La ragazza arriva a Bologna per studiare al Dams, poi passa a giurisprudenza (dove si laurea a 26 anni) quindi si prende di passione politica e insieme al suo padrino politico, Pippo Civati (di cui si sono perse le tracce nella carriera della pupilla) fonda Occupy Pd, contro i franchi tiratori che silurarono Romano Prodi al Quirinale. Sembra che ciò non sia bastato a fare di Elly una protetta del professore e anzi, in ambiente prodiano, si bolla quella mossa di Schlein come puro marketing politico. D’altra parte il gruppo dei fedelissimi dell’ex presidente della Commissione europea è in gran parte favorevole a Bonaccini, a partire da Sandra Zampa secondo cui “il curriculum del modenese è sincero. È un uomo che si è sudato tutto”.

Si dice che la candidata con tre passaporti sia una che intercetti il nuovo (sono tali le Sardine?) e che appaghi il bisogno di rinnovamento radicale, tanto invocato nel partito dai molti che lo abitano da tempo e che hanno contribuito a fare del Pd lo strano ibrido che è oggi. Chi la avversa teme invece che l’abbraccio con i 5 stelle sarà mortale e si interroga sulle scelte politiche a cui, da eventuale leader democratica, sarà costretta alla Camera, quando si tratterà di votare sull’invio di armi per la guerra in Ucraina o sui rigassificatori, temi che costarono all’Italia la caduta del governo Draghi.

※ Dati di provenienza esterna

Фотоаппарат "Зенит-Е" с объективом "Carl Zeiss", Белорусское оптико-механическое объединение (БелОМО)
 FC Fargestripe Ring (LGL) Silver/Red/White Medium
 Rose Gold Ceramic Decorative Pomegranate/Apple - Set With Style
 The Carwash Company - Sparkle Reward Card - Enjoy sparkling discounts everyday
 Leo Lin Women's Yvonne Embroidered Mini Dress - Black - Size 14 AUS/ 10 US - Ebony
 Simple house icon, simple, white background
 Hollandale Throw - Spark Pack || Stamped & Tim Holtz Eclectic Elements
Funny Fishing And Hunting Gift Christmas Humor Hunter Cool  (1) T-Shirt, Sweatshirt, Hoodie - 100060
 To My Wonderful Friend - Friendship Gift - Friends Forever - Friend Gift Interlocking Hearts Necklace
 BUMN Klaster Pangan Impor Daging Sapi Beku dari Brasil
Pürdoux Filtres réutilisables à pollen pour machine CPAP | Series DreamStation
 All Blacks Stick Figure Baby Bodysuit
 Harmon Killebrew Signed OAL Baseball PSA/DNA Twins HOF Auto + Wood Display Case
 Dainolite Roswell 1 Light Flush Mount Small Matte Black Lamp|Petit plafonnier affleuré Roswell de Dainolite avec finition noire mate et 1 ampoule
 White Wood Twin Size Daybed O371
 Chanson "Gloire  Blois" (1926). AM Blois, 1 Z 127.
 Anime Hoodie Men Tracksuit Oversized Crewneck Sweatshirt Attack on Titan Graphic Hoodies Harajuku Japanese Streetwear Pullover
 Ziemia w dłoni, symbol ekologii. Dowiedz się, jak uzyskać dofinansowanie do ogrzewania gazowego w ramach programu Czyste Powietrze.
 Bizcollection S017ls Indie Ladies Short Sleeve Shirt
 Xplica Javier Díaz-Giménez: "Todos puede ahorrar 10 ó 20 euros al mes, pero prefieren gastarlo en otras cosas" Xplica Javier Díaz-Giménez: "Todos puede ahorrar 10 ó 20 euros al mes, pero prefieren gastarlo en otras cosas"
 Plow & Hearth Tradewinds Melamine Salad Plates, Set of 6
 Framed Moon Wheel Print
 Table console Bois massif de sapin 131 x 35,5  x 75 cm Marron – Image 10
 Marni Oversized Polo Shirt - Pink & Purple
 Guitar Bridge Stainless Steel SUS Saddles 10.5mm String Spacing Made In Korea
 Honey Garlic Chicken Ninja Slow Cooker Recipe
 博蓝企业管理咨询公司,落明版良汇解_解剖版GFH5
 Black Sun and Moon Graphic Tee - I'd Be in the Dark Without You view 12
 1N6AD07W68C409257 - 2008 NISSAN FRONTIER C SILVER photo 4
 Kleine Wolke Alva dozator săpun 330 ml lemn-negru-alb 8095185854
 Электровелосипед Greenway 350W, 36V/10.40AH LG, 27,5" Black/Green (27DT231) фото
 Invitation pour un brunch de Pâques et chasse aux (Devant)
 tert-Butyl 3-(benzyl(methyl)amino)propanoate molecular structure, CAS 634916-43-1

Sul piano personale Schlein è molto abbottonata e solo di fronte alle telecamere di Daria Bignardi nel 2020, come noto, scelse di lanciare il sasso nello stagno: “Si, sono fidanzata, ho avuto diverse relazioni in passato, ho amato molti uomini e ho amato molte donne. In questo momento sto con una ragazza e sono felice, finché mi sopporta”. Della prescelta non si sa alcunché, né del menage familiare che hanno (se lo hanno), tanto meno del travaglio (se c’è stato) che ha accompagnato la scoperta della bisessualità di Elly. Nulla arde sotto la cenere. In questo caso il personale è politico non per estorta confessione o presa di coscienza, ma per oculata scelta e viene usato brillantemente anche per svilire Giorgia Meloni, e il suo “sono Giorgia: sono una donna, sono una madre, sono cristiana”.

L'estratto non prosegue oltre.